Fergus watched Clare lift a drink in each hand and turn towards them. Sensing his scrutiny, she lifted her eyes from the brimming glasses and smiled at him. He’d forgotten that her smile could light up her face. Had he been missing something?

“Eadlin, thinking of Jake,” Fergus asked his question before the others could hear, “I’m still amazed that in the twenty-first century there are people who believe in this Satanic crap.”

“You don’t have to believe. You just go along for the fun, don’t you, Russ?” she called the question to the approaching pair.

“Go along where?”

“Jake’s parties.”

Russell narrowed his eyes at her as he sat, and she made an almost imperceptible nod of reassurance, an affirmation of trust.

“It sounds like you know something, Russ.” Clare grinned at him. Her question held a note of challenge.

“Well, sort of. Me and Jake used to be mates, see? He invited me to one of his parties, last year. Just the one, ’cause we sort of fell out after that. It was weird.” Russell shifted on his seat and toyed with his beer, making wet smears in the wood, while the others waited for him to build the words in his head. “I thought it was just going to be a Halloween party in the woods, with Jake providing the fancy dress. There weren’t many people there, maybe a dozen or so. I got the impression most of ’em had been before, and knew the ropes, like. It was almost like it was a club, and I was being tested.”

“Tested in what way?” Fergus was intrigued, but Russell didn’t answer his question directly.

“The fancy dress turned out to be cloaks and animal masks. Maybe it was the masks, or p’raps the mulled wine he was pouring was spiked. Both of those, most likely, knowing Jake. Anyway, people lost their inhibitions.” He glanced up at Clare from where he was staring into his beer. This time, the blush was unmistakable. “It was like you could hide behind the mask, pretend you was someone else. Things got a bit out of hand.”

“They know about the stag, Russ.”

“Right.” Fergus wondered if Russell’s relief hid more secrets than a sacrificed stag. “Well, I left soon after Jake hacked the head off this beast with that bloody great sword of his. It sort of sobered me up. All of a sudden it seemed like reciting the Lord’s Prayer backwards wasn’t just a party trick.”

“I can see why he’s an ‘ex’.” Clare was round-eyed as she looked at Eadlin.

“He wasn’t always like that. A bit wild, maybe, but not cruel.”

“But I still don’t see the connection between a Halloween party,” Clare wondered, “and this tribal war with the church that you’re talking about.”

Russell inhaled a couple of times as if he was about to speak, or was wondering how to say something.

“Spit it out, Russ.” Eadlin put her hand on his arm and squeezed her encouragement.

“There are rumours that Jake’s going to try black magic against the church, to get back at the Vicar. Have a ceremony with a funny name. Not a sabbat, but an es… es...” he fumbled for the word.

“Esbat.” Eadlin’s eyes were hard. “It’s used for a ritual curse.”

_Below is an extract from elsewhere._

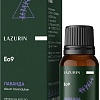 Lazurin Масло косметическое Лавандовое (10 мл)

“And the people in this club of his will go along with that?” Fergus thought the conversation was bizarre. “They actually believe he has some kind of power?”

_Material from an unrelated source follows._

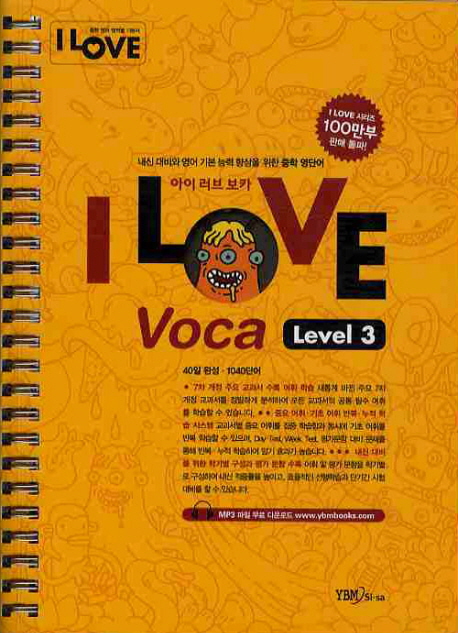 I LOVE VOCA LEVEL 3 (2010) (내신 대비와 영어 기본 능력 향상을 위한 중학 영단어)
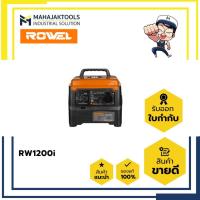 ราคา เครื่องปั่นไฟเบนซิน 4จังหวะ ROWEL RW1200i 1.2KW (22246738753)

“I don’t think they believe, not all of them.” Russell sighed and fiddled with his tankard. “Leastways, they didn’t at the beginning. For most of them it started as an excuse for that kind of party. There’s something about those masks and the drink and the chanting that makes it feel right to behave… differently.” He shuffled in his seat. “I know some of them. Now Jake’s calling it a coven, and I think they’re finding it’s hard to leave, like they’re bound together with their own sordid secrets. But Jake believes. Jake
really
believes. He’s convinced he’s got power, and the rest are beginning to wonder.

“I think some of them feel frightened as well as dirty, but they’re too scared to get out.”